Short descriptive text snippets
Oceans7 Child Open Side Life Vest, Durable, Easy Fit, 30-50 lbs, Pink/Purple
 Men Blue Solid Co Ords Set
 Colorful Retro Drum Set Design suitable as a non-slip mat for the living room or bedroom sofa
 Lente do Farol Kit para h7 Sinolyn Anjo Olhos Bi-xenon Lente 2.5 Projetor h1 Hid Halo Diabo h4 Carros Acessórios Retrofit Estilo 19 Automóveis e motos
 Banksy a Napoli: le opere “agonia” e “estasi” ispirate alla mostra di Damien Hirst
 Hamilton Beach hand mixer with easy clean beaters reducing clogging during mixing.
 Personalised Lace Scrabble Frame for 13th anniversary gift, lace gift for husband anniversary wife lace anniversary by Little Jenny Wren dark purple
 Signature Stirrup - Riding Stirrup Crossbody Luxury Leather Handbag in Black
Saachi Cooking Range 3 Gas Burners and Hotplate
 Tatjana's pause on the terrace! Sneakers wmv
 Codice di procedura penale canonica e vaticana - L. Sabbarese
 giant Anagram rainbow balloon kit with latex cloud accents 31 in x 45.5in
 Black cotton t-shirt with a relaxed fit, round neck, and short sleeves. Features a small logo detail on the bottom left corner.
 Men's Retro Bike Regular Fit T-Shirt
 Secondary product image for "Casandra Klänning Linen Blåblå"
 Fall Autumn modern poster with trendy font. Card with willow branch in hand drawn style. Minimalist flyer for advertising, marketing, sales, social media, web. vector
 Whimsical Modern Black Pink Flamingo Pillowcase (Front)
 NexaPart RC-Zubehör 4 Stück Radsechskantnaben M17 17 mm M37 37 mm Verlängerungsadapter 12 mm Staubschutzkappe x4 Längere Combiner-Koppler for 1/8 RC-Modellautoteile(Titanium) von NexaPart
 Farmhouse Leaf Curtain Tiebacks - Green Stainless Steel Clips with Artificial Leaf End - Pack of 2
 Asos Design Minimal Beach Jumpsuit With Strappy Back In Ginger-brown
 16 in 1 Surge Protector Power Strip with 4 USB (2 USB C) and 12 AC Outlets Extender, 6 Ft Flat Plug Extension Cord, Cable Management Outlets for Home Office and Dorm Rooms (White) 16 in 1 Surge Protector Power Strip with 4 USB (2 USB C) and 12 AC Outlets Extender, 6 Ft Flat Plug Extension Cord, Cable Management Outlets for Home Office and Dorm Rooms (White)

* ABOUT THIS EXERCISE: Up to and including the line with "Colorful Retro Drum", repeat the data exactly, starting from its first line; nothing else belongs in the response.

* ANSWER FOR THE TASK:
Oceans7 Child Open Side Life Vest, Durable, Easy Fit, 30-50 lbs, Pink/Purple
 Men Blue Solid Co Ords Set
 Colorful Retro Drum Set Design suitable as a non-slip mat for the living room or bedroom sofa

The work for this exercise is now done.